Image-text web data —
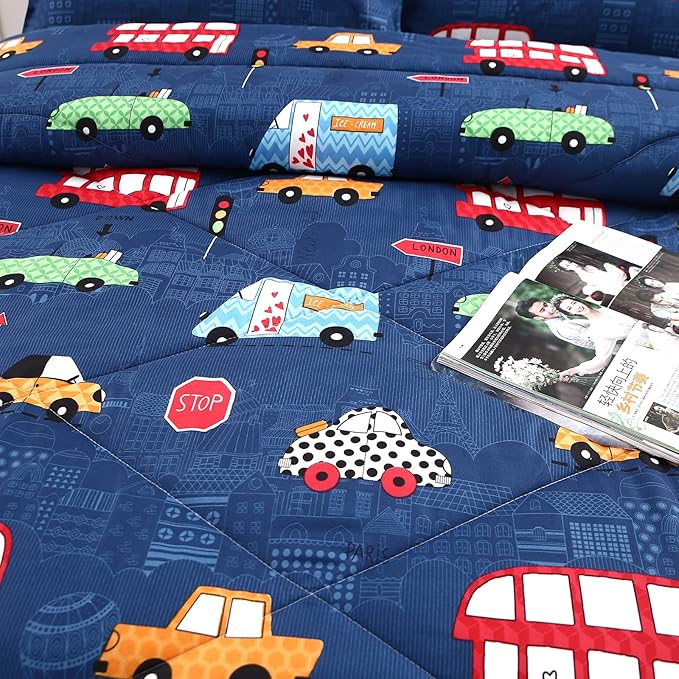 MAG 3Pcs Cartoon Car Comforter Set, Blue Cute Base Full Bedding Comforter Set,for Toddlers Kids,Boys Teens and Girls,Super Soft Microfiber, Full Size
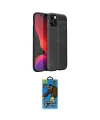 ieg™ iPhone 12 Pro Max Kılıf Doruk Klasik Özel Seri - Siyah 18D Cam Ekran Koruyucu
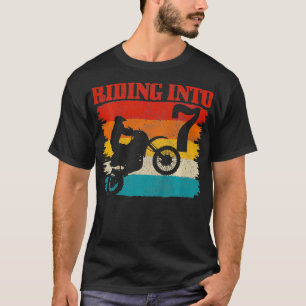 Camiseta Niños viajando a 7 motocross 7 cumpleaños Dirt Bik
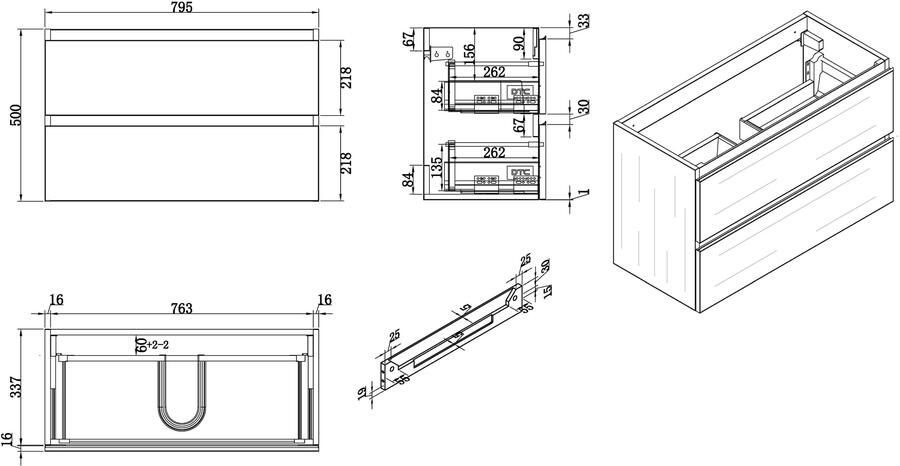 Wiesbaden Badkamermeubel Onderkast Luxa Hangend 80x50x35cm MDF Houtnerf Grijs Softclose Greeploos - Foto 5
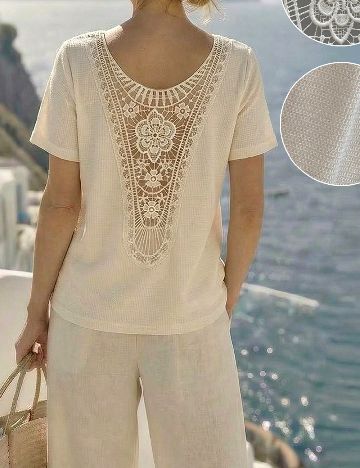 Tricou SHEIN, crem
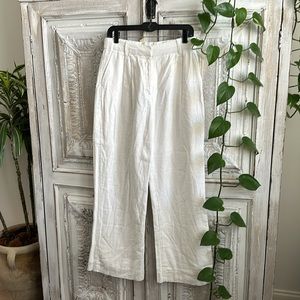 Abercrombie White Linen Blend Lined Slacks — NWT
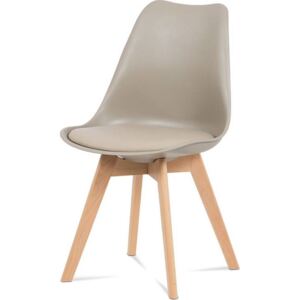 Jídelní židle, plast latté / koženka latté / masiv buk CT-752 LAT Art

WORK REQUEST — Omit the pictures and please write out exactly the lines between the one containing "ieg™ iPhone 12" and the last line of the entries, both included.

RESULT OF THIS EXERCISE —
 ieg™ iPhone 12 Pro Max Kılıf Doruk Klasik Özel Seri - Siyah 18D Cam Ekran Koruyucu
 Camiseta Niños viajando a 7 motocross 7 cumpleaños Dirt Bik
 Wiesbaden Badkamermeubel Onderkast Luxa Hangend 80x50x35cm MDF Houtnerf Grijs Softclose Greeploos - Foto 5
 Tricou SHEIN, crem
 Abercrombie White Linen Blend Lined Slacks — NWT
 Jídelní židle, plast latté / koženka latté / masiv buk CT-752 LAT Art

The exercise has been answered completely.